For example:
import re
FOO = """neighbors= {5 7 9 11 13 14 15 16 17 }"""
COMPILE = re.compile('(neighbors\s*=\s*\{\s*(\d+\s*)+\})')
match = re.findall(COMPILE, FOO)
print match[0]
(the code is from here: find a repetitive expression using python regular expression )
This will only capture the last group, i.e. "17 ". What if I want to capture each of these groups, i.e. "5", "7", "9", ...?
Basically, you cannot use a single capturing group followed by a repetition marker + or * to capture an arbitrary number of sequences.

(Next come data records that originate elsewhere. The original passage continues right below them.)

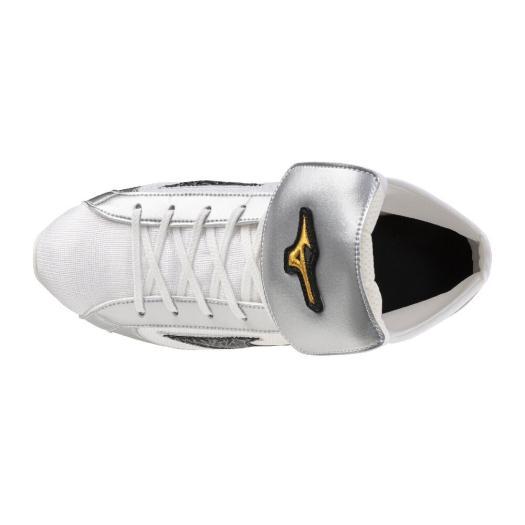 MIZUNO ボクシングシューズ ブラック ホワイト MIZUNO（ミズノ） ミズノ公式 フィニッシャーLOW ボクシング ホワイトx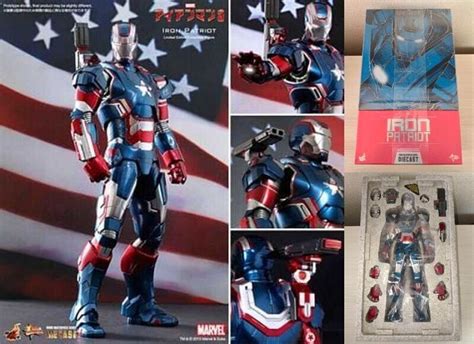Hot Toys MMS195 D01 Iron Man 3 Iron Patriot 1 6 Japan Used Rare 4897011175089 EBay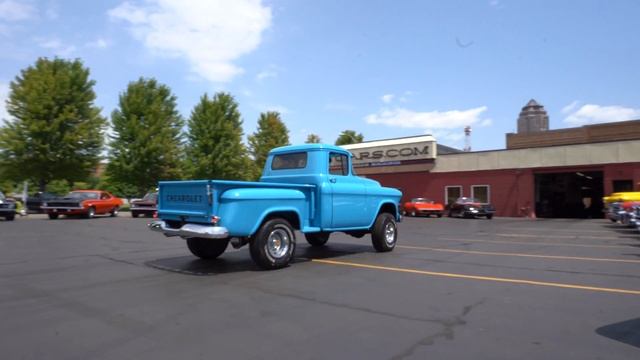 1957 Chevrolet 3100 4x4 Pickup - For Sale - Blue смотреть онлайн
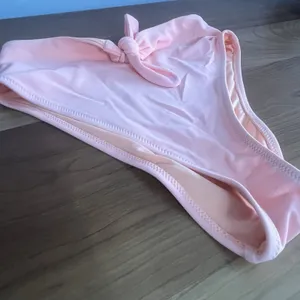 Aerie High Waisted High Cut‎ Cheeky Bikini Bottoms Tie Front Pink Size XS thumbnail 2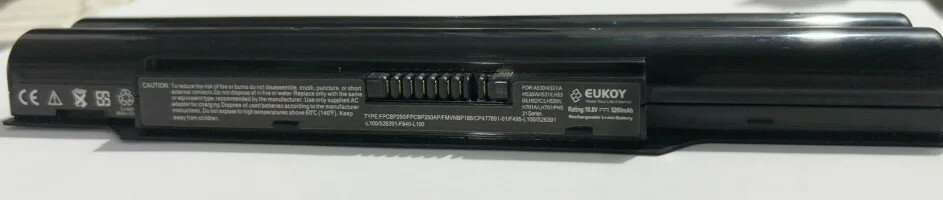 【1年保証・保証書付】富士通 新品 FPCBP250 FMVNBP189 CP477891-01 FMVNBP186 FMVNBP189 FPCBP250 FPCBP250AP 互換互換バッテリー 5200mAH (PSE認証済製品) 3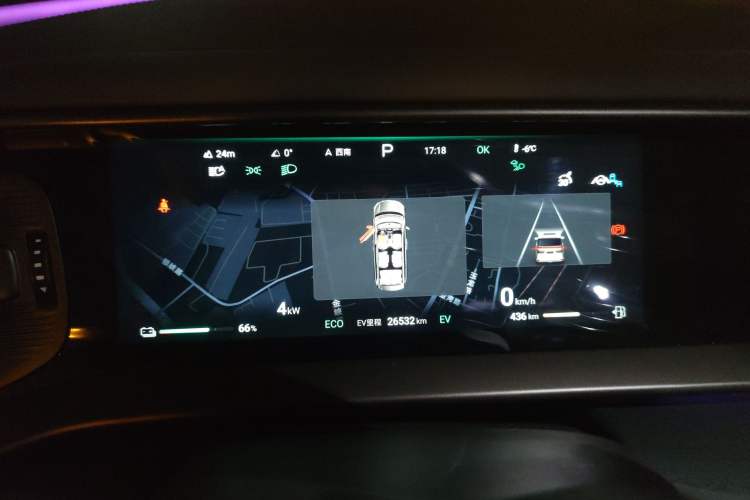 Used Denza D9 2022 DM-i 970 Four-Wheel Drive Flagship Model Instrument Cluster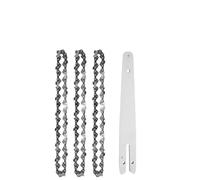 Cadena para motosierra, Cadena for mini motosierra eléctrica de 8 pulgadas, paso de 1/4", 0,043", 45DL, semicincel, paquete de 2(8inch Set 2)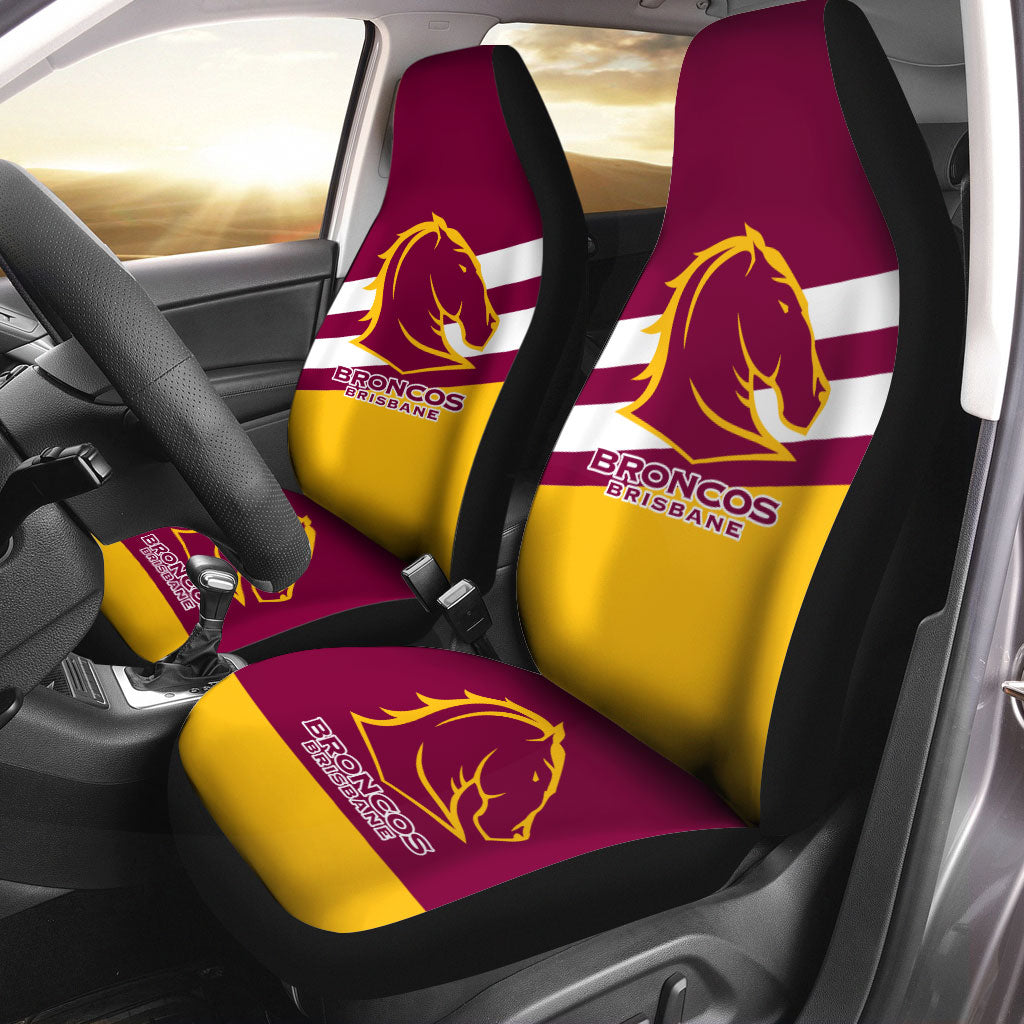 Brisbane Broncos Car Seat Cover 2PCS – VANDH 474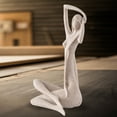 thumbnail image 4 of Cheers.US Long Hair Beauty Sandstone Figurine,Women Decorative Sculpture Bathroom Figurines Art Abstract Sculpture Lady Statues For Home Decor Modern Shelf Decorations For Office Tabletop, 4 of 7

Maybe you should capture the sequence of integers and then split it, like this:
import re
FOO = """neighbors= {5 7 9 11 13 14 15 16 17 }"""
COMPILE = re.compile('(neighbors\s*=\s*\{\s*((\d+\s*)+)\})') # added a capturing group
match = re.findall(COMPILE, FOO)
print match[0][1].split()
which prints:
['5', '7', '9', '11', '13', '14', '15', '16', '17']
Additionally, maybe you don't need to findall but only to match, like this:
import re
FOO = """neighbors= {5 7 9 11 13 14 15 16 17 }"""
COMPILE = re.compile('(neighbors\s*=\s*\{\s*((\d+\s*)+)\})')
match = re.match(COMPILE, FOO)
if match:
print match.group(2).split()
else:
print 'input does not match regex'
You can also take a look at the top answers of the following similar questions:
I suggest using a simpler regex to match all numbers, and using this in with re.findall:
import re
s = 'neighbors= {5 7 9 11 13 14 15 16 17 }'
r = re.compile('(\d+)')
print re.findall(r,s)
which outputs
Out[5]: ['5', '7', '9', '11', '13', '14', '15', '16', '17']